Protecting and caring for fine jewelry
Fine jewelry is worth protecting and caring for properly if it is to give maximum pleasure over many years. The Jewelers of America Inc., an association of jewelry retailers, shares these hints for effective care:
* Even if you wear your diamond engagement ring, or any other diamond ring, for 24 hours a day, you should still remove it when doing rough work. Although a diamond is durable, it can be chipped by a hard blow, and chlorine bleach can discolor the mounting.
* Diamonds get smudged, soiled, and dusty from lotions, powders, soaps, and natural skin oils, and mountings can be discolored by the chemicals in the air. Clean them in one of four ways to maintain their brilliance.
The first way is to place the piece in a small bowl of warm suds made with any of the mild liquid detergents used in the home. Brush pieces with eyebrow brush or soft toothbrush. Transfer to wire tea strainer and rinse under running water. Dry with soft, lintless cloth.
A second method is to soak half an hour in a mix of half-and-half solution of cold water and household ammonia. Lift out and brush lightly with soft toothbrush, swish once more in solution, and drain on tissue paper. The quick-dip method, using any of the commercial liquid jewelry cleaners on the market, is a third way, but instructions should be read and followed explicitly.
The fourth method is ultrasonic cleaning with any of the many types of these small machines now on the market. Such a cleaner consists of a metal cup, filled with water and detergent, and high-frequency turbulence, which provides the cleaning action. Each machine is slightly different, and instructions should be read and carefully followed.
To care for karat gold jewelry, always separate gold jewelry in a partitioned jewel box to protect against scratching. Remove dingy film or tarnish with a prepared jewelry cleaner or by using soap and water with a few drops of household ammonia mixed in. Grease can be removed from karat gold jewelry by dipping into plain rubbing alcohol. A soft chamois cloth purchased at any hardware store is an inexpensive way to keep gold jewelry lustrous and shining.
Pearl jewelry should only be put on after applying make-up, hair spray, and perfume. It should be kept in a chamois bag or wrapped in tissue paper when not in use. Never clean pearls with chemicals or abrasives, but wash them with mild soap and water.
The Dallas-based Zale Corporation gives these tips for the protection of fine jewelry.
* Maintain an up-to-date inventory of all valuable jewelry, including photographs of each piece, to show styling and size. Photograph (a simple Polaroid will do the job) each piece next to a ruler in order to record its accurate size. Such photographs will help in identification in case of loss or theft, and in making insurance claims.

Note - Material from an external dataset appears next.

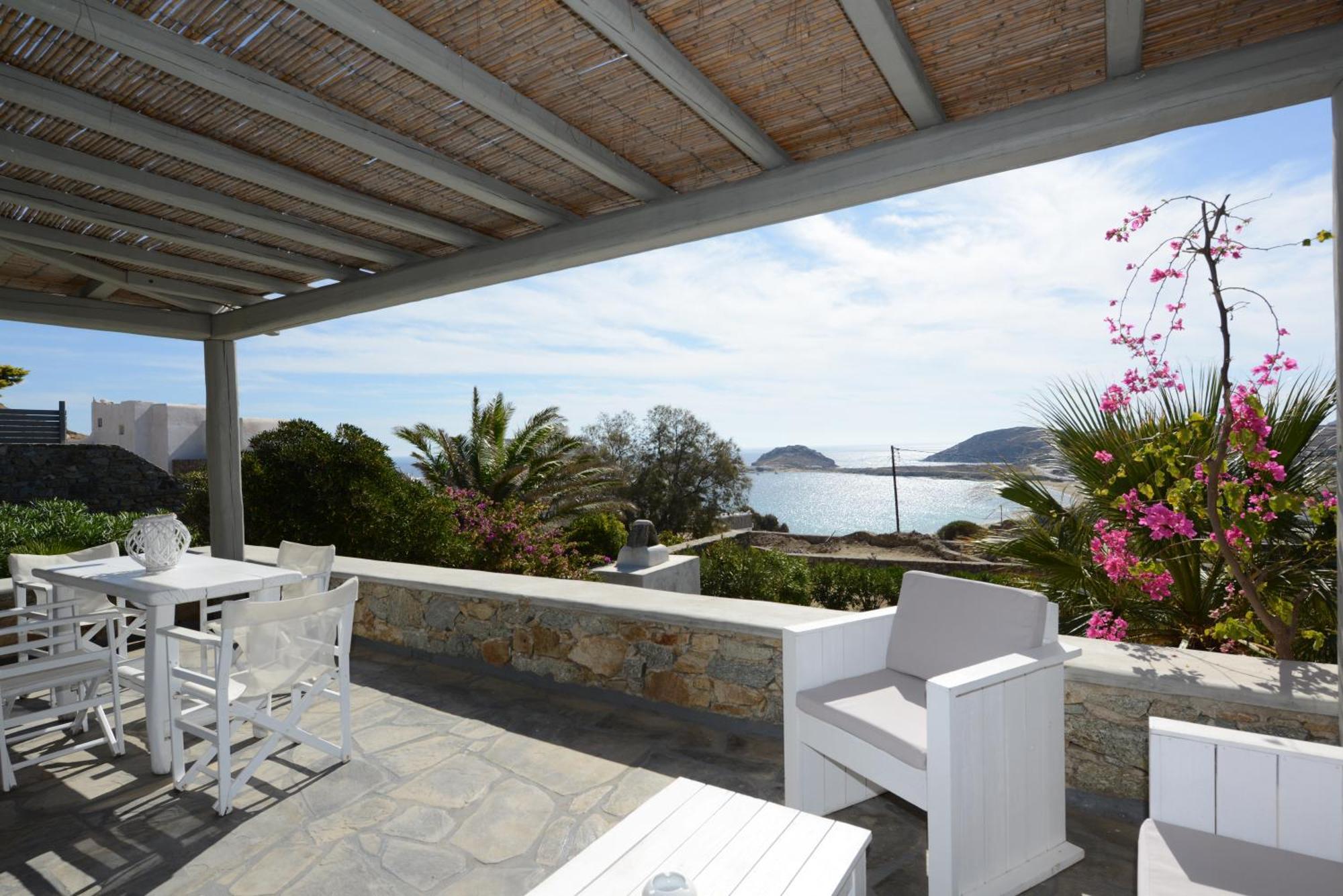 Thalasses Villas Kalafati Exterior foto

* Periodically update your appraisals and insurance coverage.
* Have diamonds ''gemprinted'' - a new method of laser photography that, in effect, takes a ''fingerprint'' of the internal facets of a diamond. This provides court-approved evidence of identification and ownership. Gemprinting is available through many established jewelers for a nominal fee.
* Keep all inventory records, photographs, purchase receipts, etc. separate from your jewelry, such as in a safe deposit box.
* Do not subject jewelry to excessive heat. Opals, for instance, should not be worn to the beach, where sand can scratch and heat can dehydrate the moisture of the stones, with resultant cracking and loss of brilliance.
Nancy Michel and Alexandra Watkins, the new partners of Atelier Janiye in Boston, both worked for a number of years with the founder of the atelier, the late Miye Matsukata. These young custom jewelers say that rings take the most wear and tear and therefore require the most regular checking for worn prongs and loose stones.
They caution that ammonia should never be used in cleaning opals, emeralds, pearls, amber, and most jade and lapis lazuli stones. They do use soapy water and ammonia to clean diamonds, rubies, and sapphires, and they leave jewelry to soak from an hour to overnight.
The partners offer several warnings. When soaking rings in a bowl or jar, mark or note in some way so that you will not forget and accidentally dump out the water and the jewels. Never wrap pieces of jewelry in pieces of Kleenex when not in use, for these can be mistaken as household trash and tossed out. While traveling, always carry precious jewelry with you, either in your purse or in hand luggage. Never leave jewelry lying around hotel rooms when you are not present. At home, as a matter of everyday security, keep jewelry out of sight and not visible to anyone who comes into your home.